*** Provided data ***
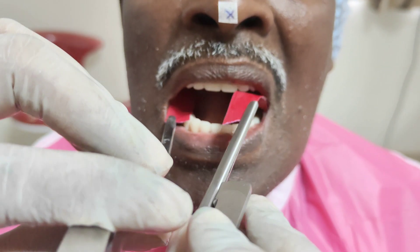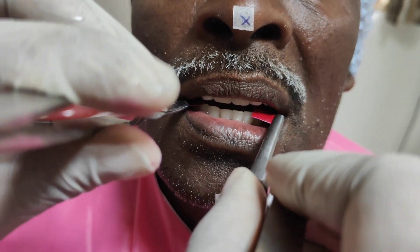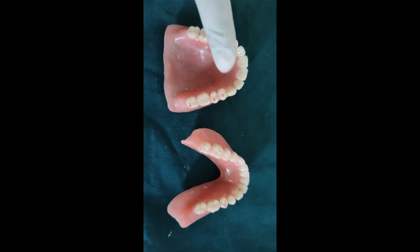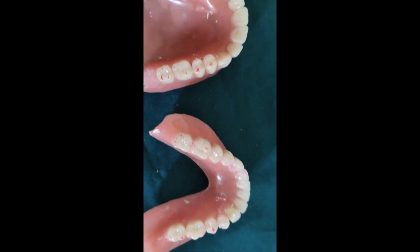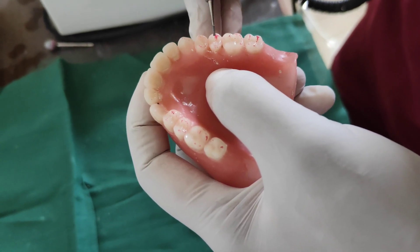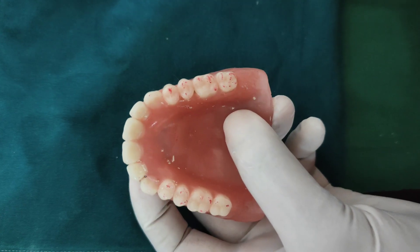Centric contacts are checked with the help of articulating paper. The articulating paper is placed inside the patient's mouth and the patient is asked to bite several times in centric contact. High-pressure contact points marked on the denture surface are examined after removing the denture. These high-pressure contacts are reduced by trimming only the inclines of the cusps — the cusp tips should not be reduced. The denture is then reinserted and rechecked.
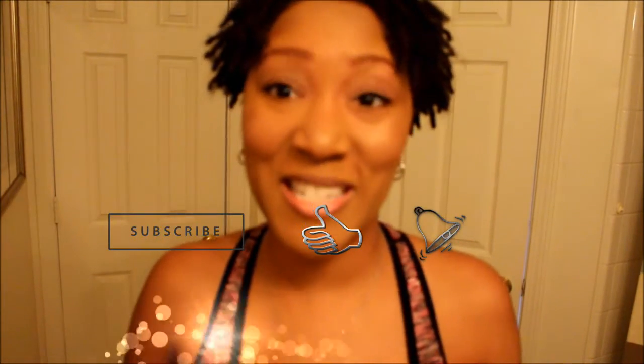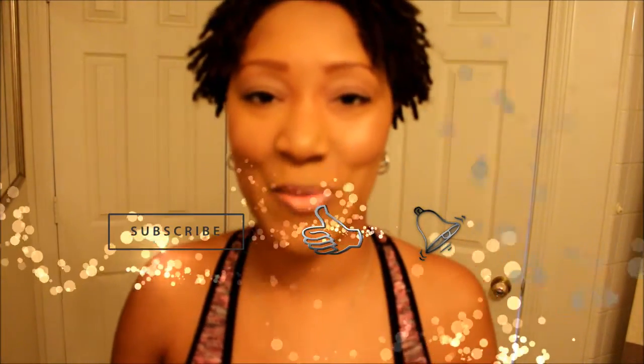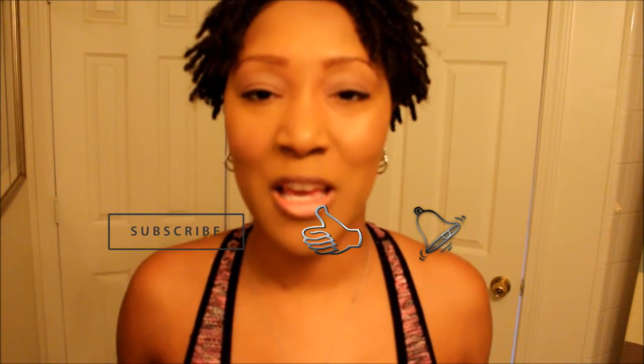Hello there, my tulips, welcome back to my channel. It is your girl Bliss. If you're new, go ahead and hit that subscribe button — it's free — and hit that bell for notifications so you can stay updated on new videos released each and every week for your entertainment and education. Also give this video a big thumbs up to let me know you enjoy these videos; that inspires me.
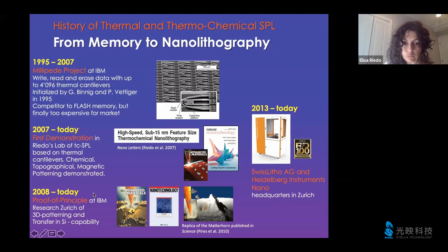Later on, IBM worked more focusedly on thermal SPL — using heat for the evaporation of a resist PPA, which is excellent for topography patterning. And in 2013, Swiss Litho, the startup company, came to life thanks to Felix.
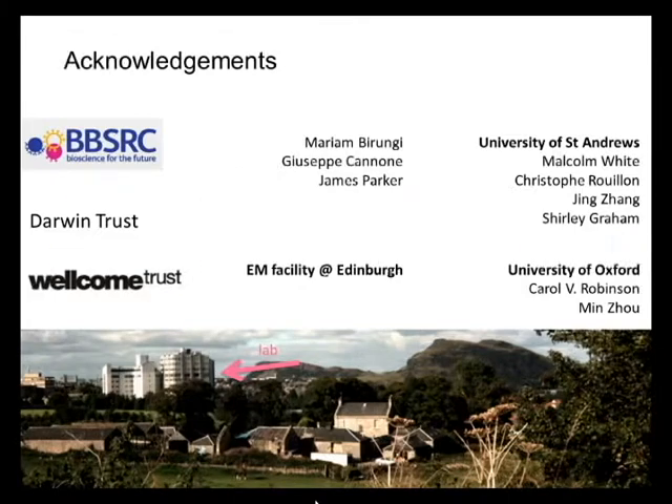This work has been funded on a BBSRC grant awarded jointly to my lab and Malcolm White's lab. The electron microscopy facility at Edinburgh is funded mainly on a Wellcome Trust equipment grant, on money given by the Scottish University's Life Science Alliance and by the Darwin Trust of Edinburgh. I really thank all of the people in my lab who were involved in this work, in particular Giuseppe Canone, and the collaborators in St Andrews and Oxford.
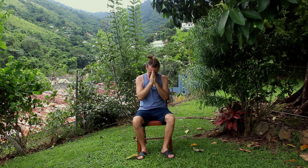Breathing in and out through the nose. Bring your hands to a prayer position — you can open your eyes. I hope you enjoyed this practice and are having a wonderful day. Namaste.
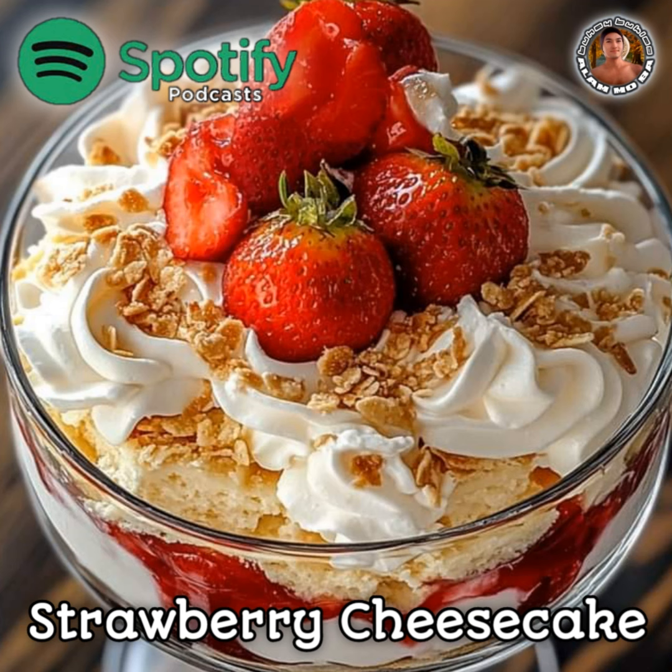1 tablespoon cornstarch. 1/4 cup (60 milliliters) water.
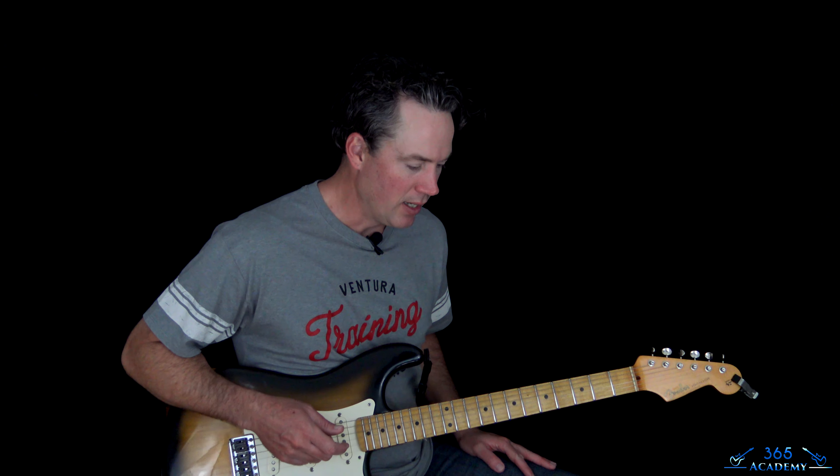Hey guys, it is Carl Brown from GuitarLessons365.com. Got a pretty easy one from the Foo Fighters today. We learned how to do their new one, Shame Shame. So this is a pretty basic riff here.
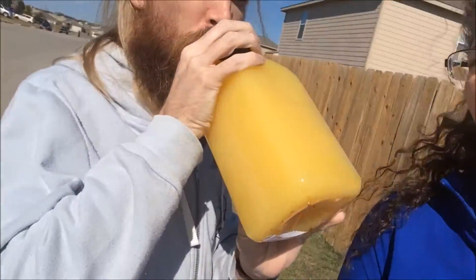Grapefruit juice on a walk in the sunshine on Thanksgiving, and then my love has orange juice.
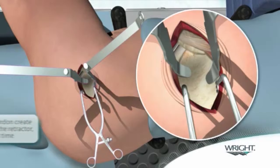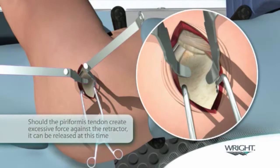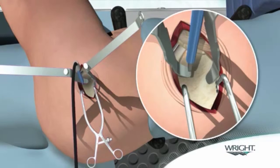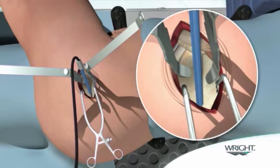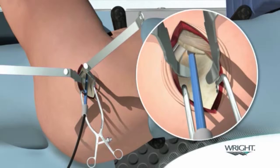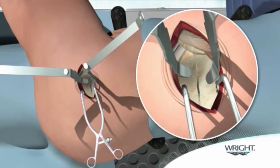Should the piriformis tendon create excessive force against the retractor, it is then released at this time under direct visualization. A cob elevator is used to move the gluteus minimus anteriorly and expose the capsule. The capsule is then incised in line with the main incision using electrocautery. Electrocautery with a long tip should be used to incise in the trochanteric fossa to prevent bleeding around the base of the femoral neck. The capsulotomy is extended from the saddle of the femoral neck to one centimeter proximally over the acetabulum.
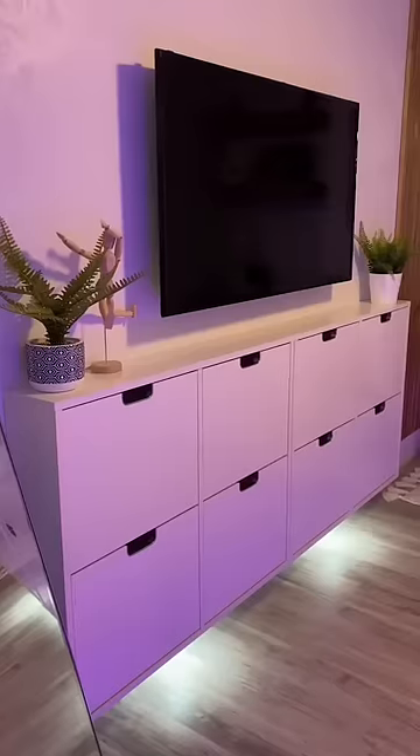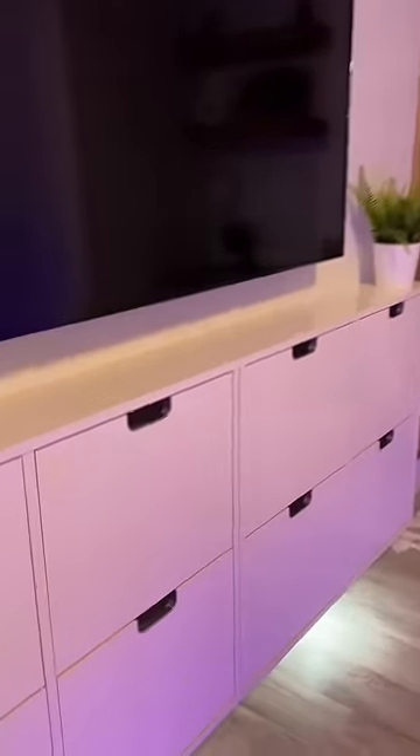I bought two of the cabinets and installed them right next to each other. Now I have eight different compartments, which is perfect for shoes or really anything. They just pop open and it looks like they're floating.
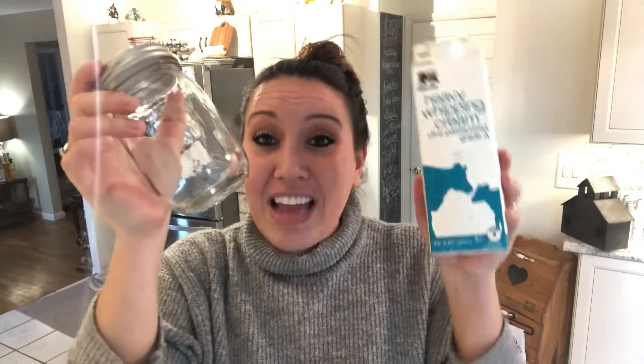Making homemade butter is super, super simple. All that you really need is some heavy whipping cream, a jar, and a ton of muscle. You can add the heavy whipping cream to this jar and shake for a very, very long time and eventually it'll turn into butter. However, we're not going to do it that way today. We're going to do it the easy way and we're going to use our KitchenAid mixer.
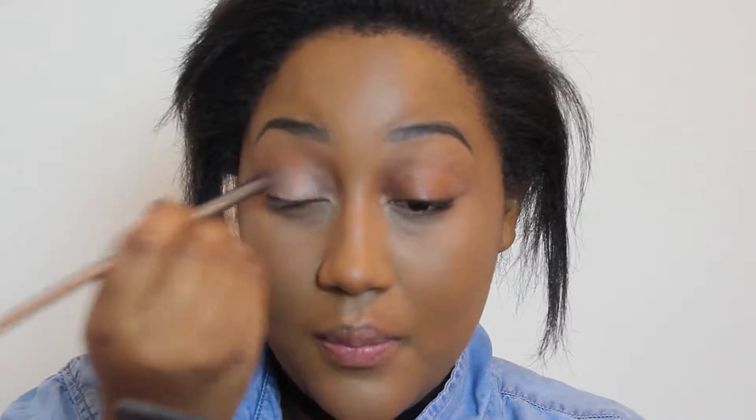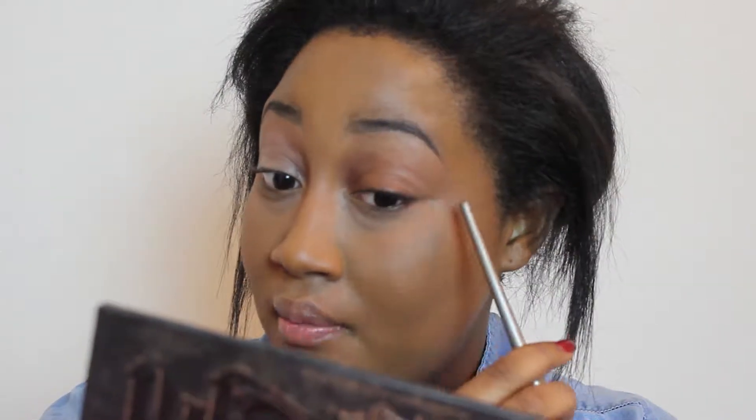Priming your eyelids is good for a multitude of reasons. It's going to help your eyeshadow stay all day long. It's going to conceal any discoloration. As you can tell on my eyelids, they're a little bit red and very veiny. When you prime your eyelids, you cancel out all of that and just create a brand new base for all of the shadows that you're going to apply.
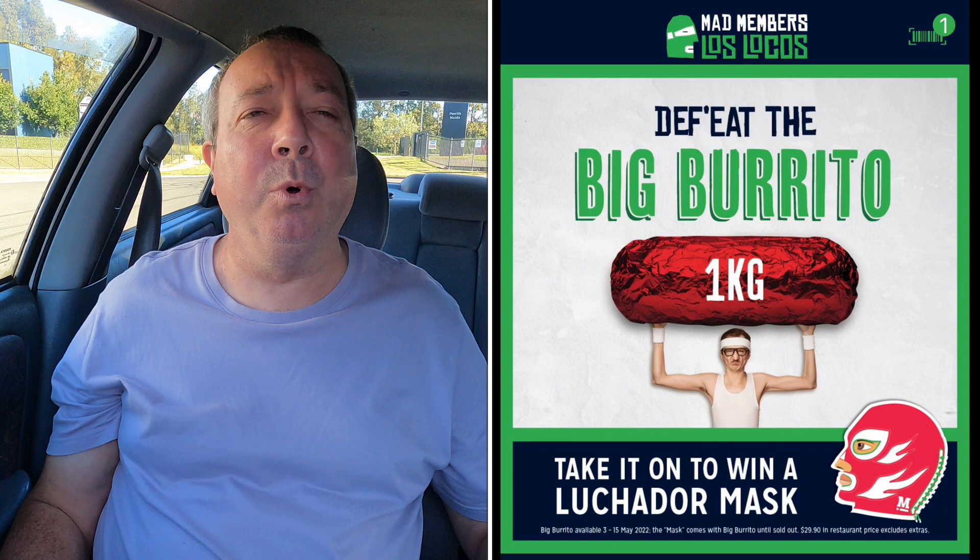Hola amigos, what's crackin'? It's your old gringo 2 Aussie here again. So today we're heading into Mad Max, down at the Riff, Penrith. They got this thing and I'm super juiced to try it. It's a one kilo burrito.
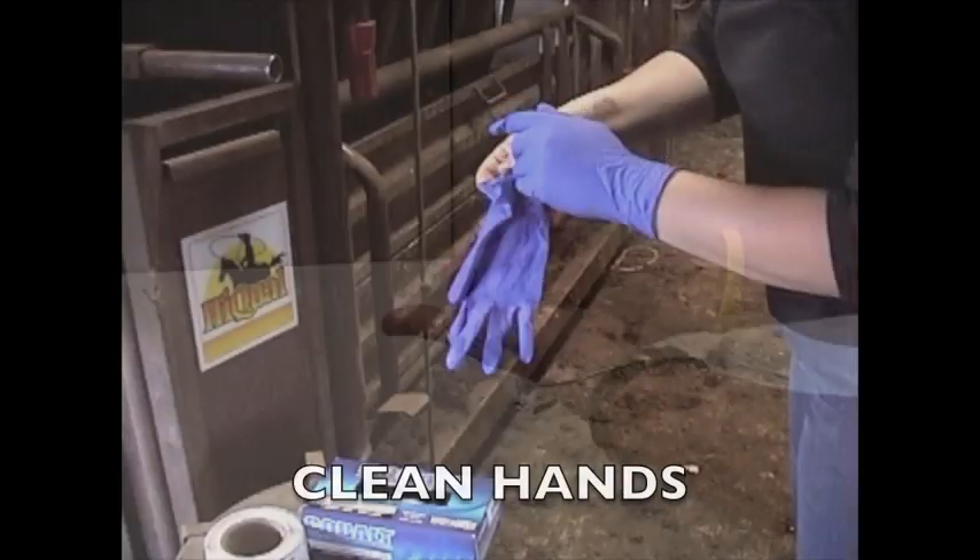Make sure, before you begin, to always wash your hands or use clean gloves or pliers to eliminate the chances of cross-contamination.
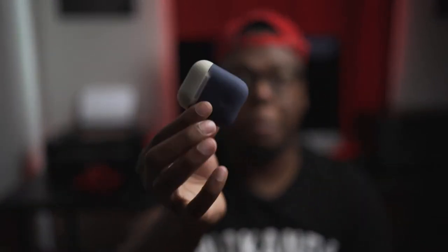But most importantly, the case underneath stays clean. So this is why I absolutely love this case and I would absolutely recommend this case to people.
***
**What you need to do**
Using the entries above, transcribe every line from the line containing "Breathing in and" through the line containing "1 tablespoon cornstarch.". Do not copy pictures.

**Reply**
Breathing in and out through the nose. Bring your hands to a prayer position — you can open your eyes. I hope you enjoyed this practice and are having a wonderful day. Namaste.
1 tablespoon cornstarch. 1/4 cup (60 milliliters) water.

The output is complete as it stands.